## EXERCISE PROMPT
Print a faithful copy of the data below, word for word, with the pictures left out.

## MATERIAL FOR THIS EXERCISE
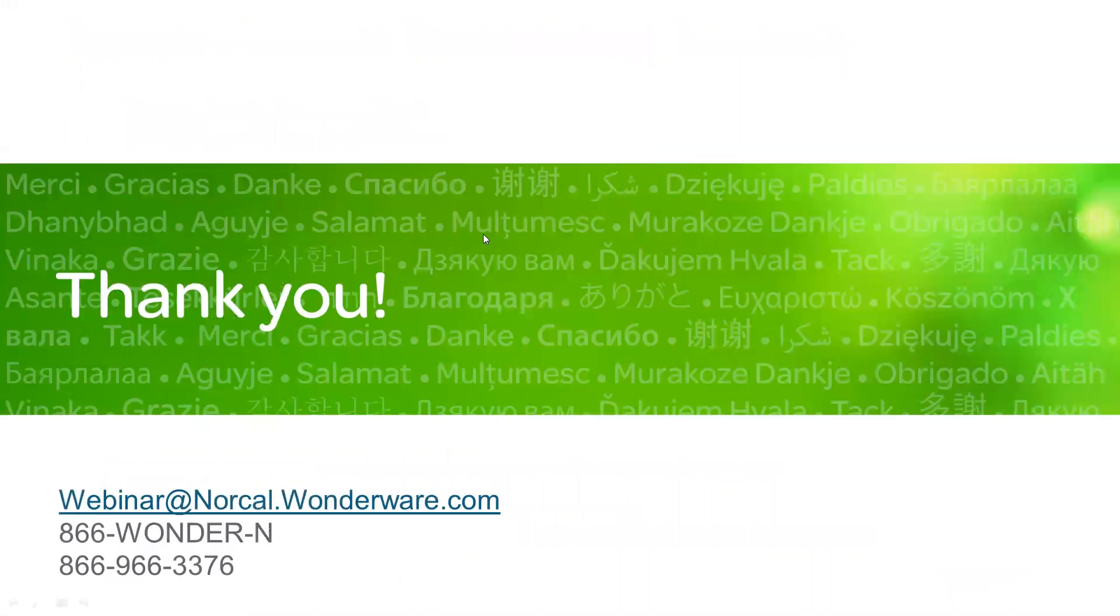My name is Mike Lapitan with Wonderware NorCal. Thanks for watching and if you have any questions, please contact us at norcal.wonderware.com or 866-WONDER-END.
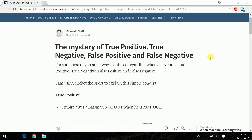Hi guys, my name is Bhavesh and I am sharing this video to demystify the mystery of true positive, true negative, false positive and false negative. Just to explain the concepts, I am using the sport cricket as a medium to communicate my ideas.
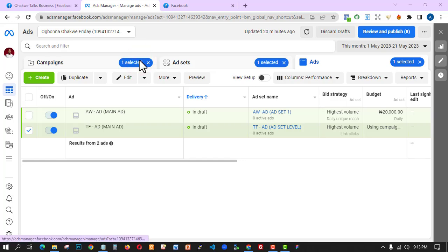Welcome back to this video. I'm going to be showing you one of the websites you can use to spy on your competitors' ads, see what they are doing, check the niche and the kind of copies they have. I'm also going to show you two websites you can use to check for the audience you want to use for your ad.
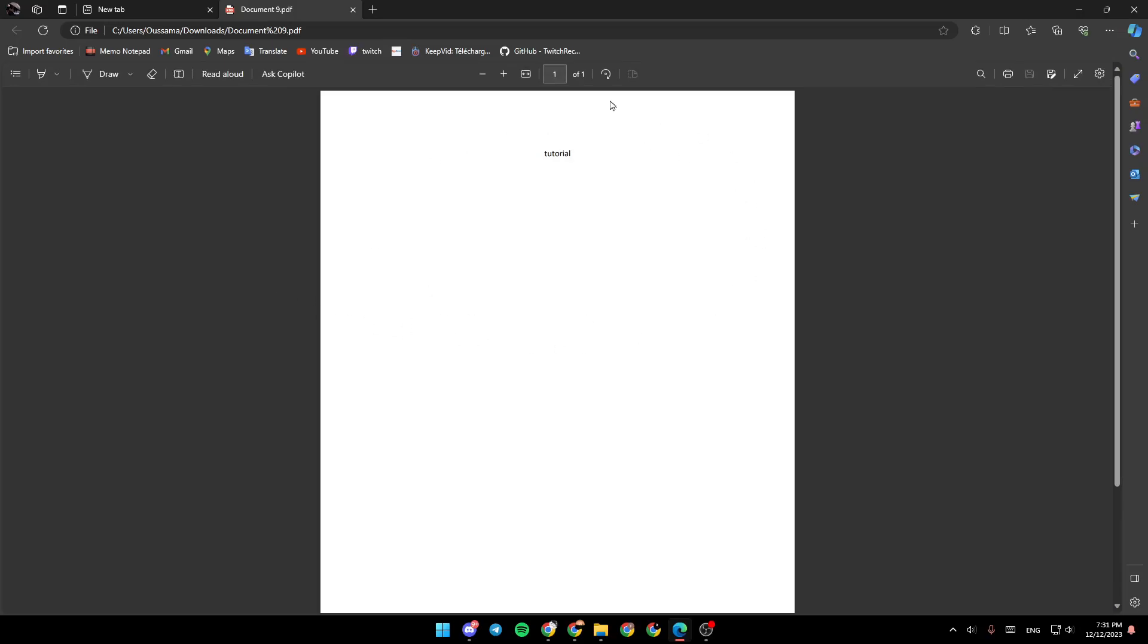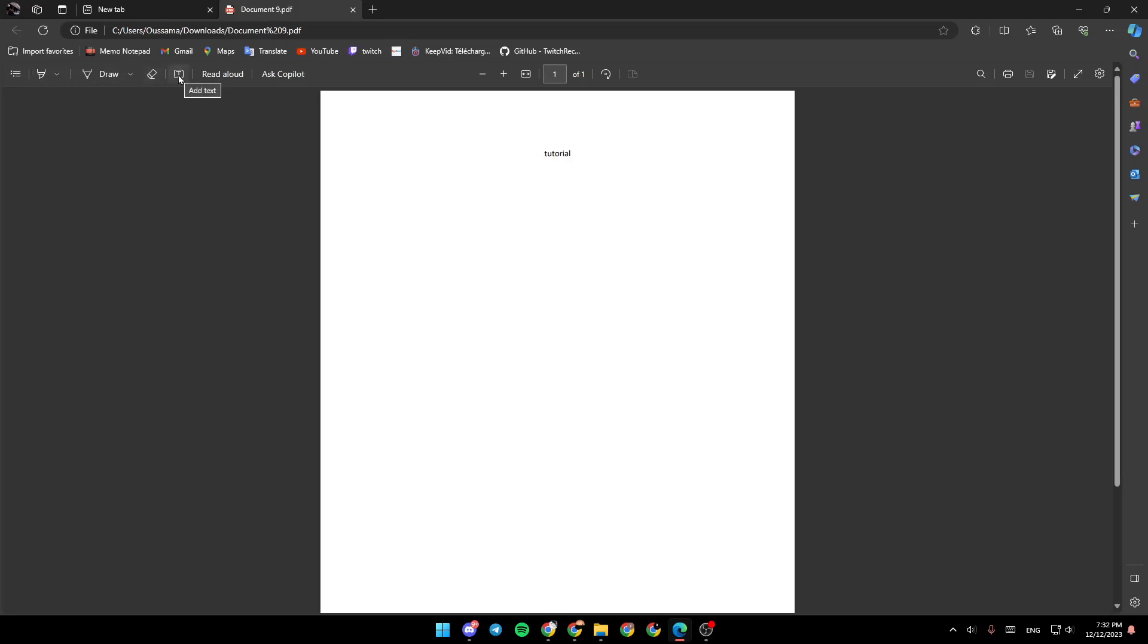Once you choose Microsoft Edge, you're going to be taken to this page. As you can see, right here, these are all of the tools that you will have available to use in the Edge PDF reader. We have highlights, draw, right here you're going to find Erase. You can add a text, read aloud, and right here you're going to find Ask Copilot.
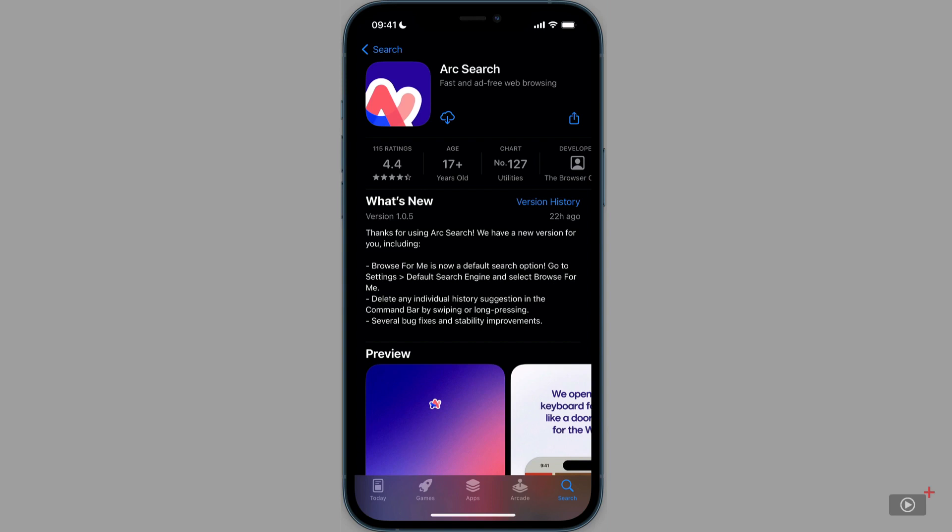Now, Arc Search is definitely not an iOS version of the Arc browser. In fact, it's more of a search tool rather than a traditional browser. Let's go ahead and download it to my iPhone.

## THE ANSWER
My name is Mike Lapitan with Wonderware NorCal. Thanks for watching and if you have any questions, please contact us at norcal.wonderware.com or 866-WONDER-END.
Hi guys, my name is Bhavesh and I am sharing this video to demystify the mystery of true positive, true negative, false positive and false negative. Just to explain the concepts, I am using the sport cricket as a medium to communicate my ideas.
Welcome back to this video. I'm going to be showing you one of the websites you can use to spy on your competitors' ads, see what they are doing, check the niche and the kind of copies they have. I'm also going to show you two websites you can use to check for the audience you want to use for your ad.
Once you choose Microsoft Edge, you're going to be taken to this page. As you can see, right here, these are all of the tools that you will have available to use in the Edge PDF reader. We have highlights, draw, right here you're going to find Erase. You can add a text, read aloud, and right here you're going to find Ask Copilot.
Now, Arc Search is definitely not an iOS version of the Arc browser. In fact, it's more of a search tool rather than a traditional browser. Let's go ahead and download it to my iPhone.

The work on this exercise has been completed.